Une nouvelle étude indique que près des trois quarts de ces coûts cachés les plus importants sont causés par un excès d'aliments ultra-transformés, de sucres et de graisses. Cela conduit à l'obésité, à des maladies non transmissibles et à des pertes de productivité au travail.
Selon le rapport de la FAO, les coûts cachés dans l'industrie alimentaire mondiale sont nettement plus élevés qu'on ne le pensait auparavant. Les coûts estimés dans 154 pays représentent près de 10 % du produit intérieur brut mondial (PIB).

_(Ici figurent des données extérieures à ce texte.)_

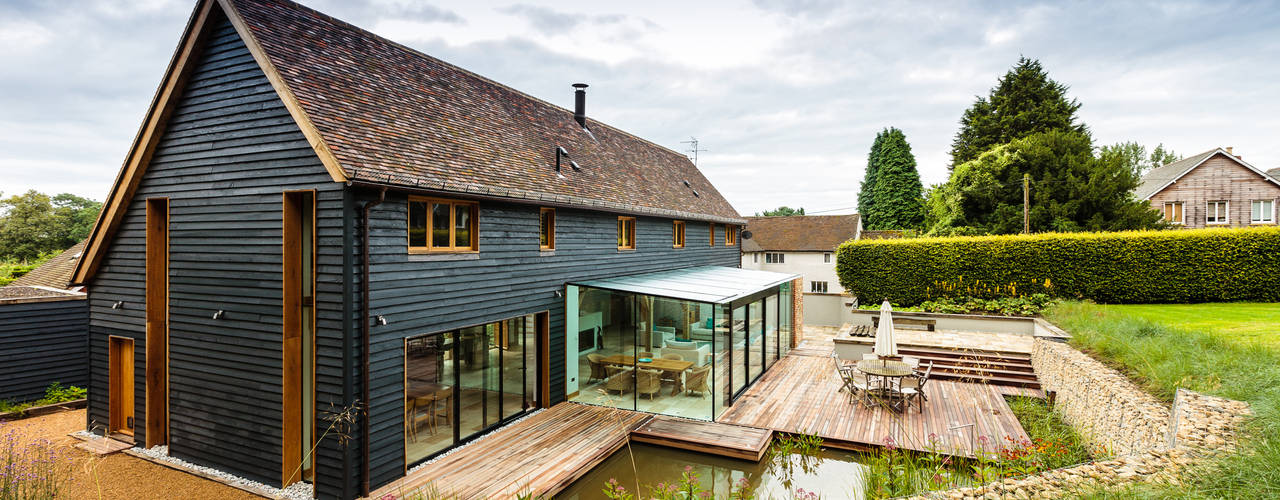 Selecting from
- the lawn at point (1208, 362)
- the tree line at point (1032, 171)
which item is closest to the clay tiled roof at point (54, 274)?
the lawn at point (1208, 362)

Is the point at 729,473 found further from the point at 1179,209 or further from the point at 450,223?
the point at 1179,209

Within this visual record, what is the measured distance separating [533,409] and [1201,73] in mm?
22471

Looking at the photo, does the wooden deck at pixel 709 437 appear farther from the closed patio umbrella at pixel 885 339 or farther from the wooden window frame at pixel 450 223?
the wooden window frame at pixel 450 223

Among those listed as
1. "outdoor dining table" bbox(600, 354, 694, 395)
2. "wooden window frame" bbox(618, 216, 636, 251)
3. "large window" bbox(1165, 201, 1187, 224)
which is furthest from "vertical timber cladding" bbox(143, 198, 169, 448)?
"large window" bbox(1165, 201, 1187, 224)

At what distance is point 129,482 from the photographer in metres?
6.61

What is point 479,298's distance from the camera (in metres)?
7.71

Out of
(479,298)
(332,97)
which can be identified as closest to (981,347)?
(479,298)

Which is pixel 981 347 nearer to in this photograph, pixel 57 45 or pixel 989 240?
pixel 989 240

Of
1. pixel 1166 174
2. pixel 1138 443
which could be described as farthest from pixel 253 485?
pixel 1166 174

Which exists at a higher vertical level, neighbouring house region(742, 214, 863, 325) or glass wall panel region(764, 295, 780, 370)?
neighbouring house region(742, 214, 863, 325)

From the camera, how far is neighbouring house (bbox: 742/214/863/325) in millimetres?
29766

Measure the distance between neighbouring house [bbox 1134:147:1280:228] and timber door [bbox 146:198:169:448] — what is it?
3614cm

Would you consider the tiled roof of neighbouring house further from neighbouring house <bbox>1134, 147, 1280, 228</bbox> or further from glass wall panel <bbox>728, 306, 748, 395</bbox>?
glass wall panel <bbox>728, 306, 748, 395</bbox>

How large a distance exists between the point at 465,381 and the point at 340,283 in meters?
2.32
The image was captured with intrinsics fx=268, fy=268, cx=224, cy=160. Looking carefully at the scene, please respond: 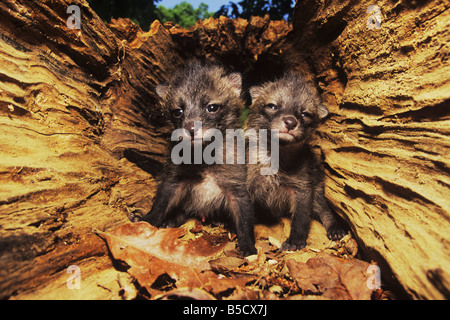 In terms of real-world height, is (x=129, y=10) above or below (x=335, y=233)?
above

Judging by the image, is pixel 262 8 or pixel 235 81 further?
pixel 262 8

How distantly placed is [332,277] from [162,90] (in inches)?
115

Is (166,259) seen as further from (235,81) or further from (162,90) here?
(235,81)

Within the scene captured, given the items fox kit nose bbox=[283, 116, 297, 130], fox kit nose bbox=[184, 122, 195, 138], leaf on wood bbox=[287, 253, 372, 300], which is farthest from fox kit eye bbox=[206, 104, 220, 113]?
leaf on wood bbox=[287, 253, 372, 300]

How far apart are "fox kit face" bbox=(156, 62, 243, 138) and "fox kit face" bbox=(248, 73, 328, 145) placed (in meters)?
0.38

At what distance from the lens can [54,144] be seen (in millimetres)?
2395

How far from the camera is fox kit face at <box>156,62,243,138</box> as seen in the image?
3.23 m

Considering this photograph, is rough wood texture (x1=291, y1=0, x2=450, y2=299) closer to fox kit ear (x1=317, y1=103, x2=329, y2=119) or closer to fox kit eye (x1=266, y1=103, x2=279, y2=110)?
fox kit ear (x1=317, y1=103, x2=329, y2=119)

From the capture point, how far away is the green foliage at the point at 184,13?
12.0 m

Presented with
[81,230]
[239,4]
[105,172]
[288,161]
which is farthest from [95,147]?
[239,4]

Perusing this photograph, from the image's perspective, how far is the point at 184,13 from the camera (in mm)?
13219

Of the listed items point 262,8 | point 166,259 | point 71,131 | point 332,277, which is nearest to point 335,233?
point 332,277

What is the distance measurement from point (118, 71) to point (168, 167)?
1338 millimetres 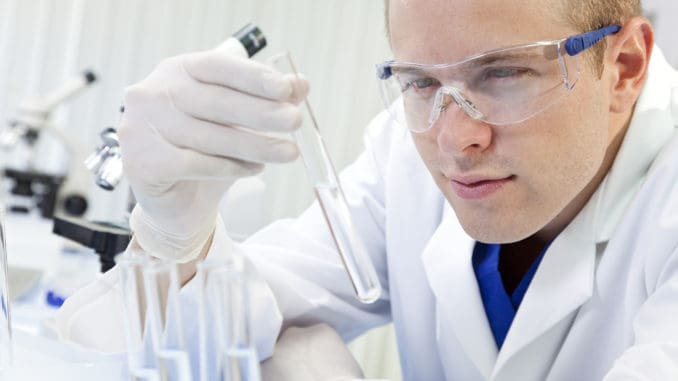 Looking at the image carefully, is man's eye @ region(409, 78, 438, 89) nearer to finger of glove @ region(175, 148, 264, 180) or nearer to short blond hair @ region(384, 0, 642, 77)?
short blond hair @ region(384, 0, 642, 77)

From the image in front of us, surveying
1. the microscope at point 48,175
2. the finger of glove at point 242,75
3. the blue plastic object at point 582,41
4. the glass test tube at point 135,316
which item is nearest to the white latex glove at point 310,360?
the glass test tube at point 135,316

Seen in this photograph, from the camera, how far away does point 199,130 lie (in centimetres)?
113

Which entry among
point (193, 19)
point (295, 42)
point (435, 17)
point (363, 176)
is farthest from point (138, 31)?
point (435, 17)

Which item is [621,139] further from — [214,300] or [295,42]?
[295,42]

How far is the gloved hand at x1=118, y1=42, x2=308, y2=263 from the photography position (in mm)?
1045

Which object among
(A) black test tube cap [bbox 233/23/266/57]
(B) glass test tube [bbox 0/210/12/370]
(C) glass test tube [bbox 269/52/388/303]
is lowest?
(B) glass test tube [bbox 0/210/12/370]

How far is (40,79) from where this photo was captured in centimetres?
416

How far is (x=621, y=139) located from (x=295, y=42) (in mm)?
2897

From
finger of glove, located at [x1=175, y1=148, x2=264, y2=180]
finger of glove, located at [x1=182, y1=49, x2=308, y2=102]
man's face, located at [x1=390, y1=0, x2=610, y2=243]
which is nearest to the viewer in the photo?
finger of glove, located at [x1=182, y1=49, x2=308, y2=102]

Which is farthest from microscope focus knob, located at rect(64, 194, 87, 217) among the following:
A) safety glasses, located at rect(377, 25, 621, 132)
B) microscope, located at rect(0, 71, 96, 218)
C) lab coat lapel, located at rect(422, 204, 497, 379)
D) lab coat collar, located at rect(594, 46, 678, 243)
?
lab coat collar, located at rect(594, 46, 678, 243)

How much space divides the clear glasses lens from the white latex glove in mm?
459

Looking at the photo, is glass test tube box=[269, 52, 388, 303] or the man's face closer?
glass test tube box=[269, 52, 388, 303]

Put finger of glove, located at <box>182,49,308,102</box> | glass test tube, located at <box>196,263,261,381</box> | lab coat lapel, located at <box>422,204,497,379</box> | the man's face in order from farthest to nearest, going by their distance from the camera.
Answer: lab coat lapel, located at <box>422,204,497,379</box> < the man's face < finger of glove, located at <box>182,49,308,102</box> < glass test tube, located at <box>196,263,261,381</box>

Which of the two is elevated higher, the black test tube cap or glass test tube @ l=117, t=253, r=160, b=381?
the black test tube cap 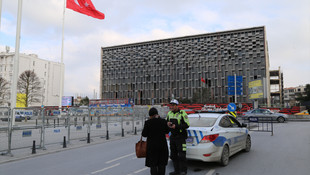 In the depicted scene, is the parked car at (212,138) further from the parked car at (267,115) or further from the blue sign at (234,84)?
the blue sign at (234,84)

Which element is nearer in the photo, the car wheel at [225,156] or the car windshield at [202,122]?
the car wheel at [225,156]

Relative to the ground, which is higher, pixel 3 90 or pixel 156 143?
pixel 3 90

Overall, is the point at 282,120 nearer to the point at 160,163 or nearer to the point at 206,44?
the point at 160,163

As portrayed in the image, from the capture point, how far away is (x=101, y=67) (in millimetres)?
104562

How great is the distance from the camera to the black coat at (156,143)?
4.70m

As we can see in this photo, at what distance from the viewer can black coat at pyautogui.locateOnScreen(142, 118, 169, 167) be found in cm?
470

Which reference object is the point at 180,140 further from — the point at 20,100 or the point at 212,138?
the point at 20,100

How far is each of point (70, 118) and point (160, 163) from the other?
9.32 metres

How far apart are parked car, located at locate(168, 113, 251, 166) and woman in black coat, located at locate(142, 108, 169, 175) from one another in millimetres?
1658

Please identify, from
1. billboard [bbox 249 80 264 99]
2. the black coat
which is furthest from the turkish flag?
billboard [bbox 249 80 264 99]

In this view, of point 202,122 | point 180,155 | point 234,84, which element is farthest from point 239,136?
point 234,84

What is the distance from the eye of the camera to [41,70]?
8950 cm

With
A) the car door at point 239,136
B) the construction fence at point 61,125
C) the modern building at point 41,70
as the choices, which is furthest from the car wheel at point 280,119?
the modern building at point 41,70

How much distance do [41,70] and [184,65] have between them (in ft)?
185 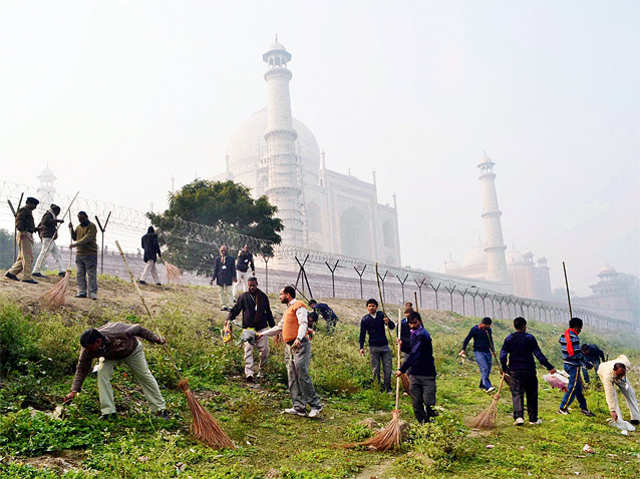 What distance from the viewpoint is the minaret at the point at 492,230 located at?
7375cm

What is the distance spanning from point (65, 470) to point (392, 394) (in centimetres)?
554

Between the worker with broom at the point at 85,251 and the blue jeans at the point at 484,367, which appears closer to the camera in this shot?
the blue jeans at the point at 484,367

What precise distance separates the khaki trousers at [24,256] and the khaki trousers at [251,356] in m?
5.81

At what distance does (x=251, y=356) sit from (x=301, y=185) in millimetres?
45658

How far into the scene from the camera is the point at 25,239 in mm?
11352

Ces coûts cachés incluent notamment les effets sanitaires d'une mauvaise alimentation, tels que l'obésité et les maladies cardiaques, qui causent chaque année des millions de décès et entraînent d'énormes conséquences économiques. L'impact environnemental de l'industrie alimentaire, comme la déforestation, l'érosion des sols et le changement climatique, contribue également de manière significative à ces coûts.
Ces pertes sont particulièrement importantes dans les pays à revenu élevé et à revenu intermédiaire supérieur. Sur le total des coûts, un cinquième est lié à l'environnement, incluant les émissions d'azote et de gaz à effet de serre, les changements dans l'utilisation des terres et la consommation d'eau. Les coûts cachés associés à la pauvreté et à la malnutrition sont les plus élevés dans les pays à faible revenu.
Le rapport appelle à une révision urgente du système alimentaire actuel et souligne que l'impact de l'industrie alimentaire ne se limite pas aux seules considérations économiques.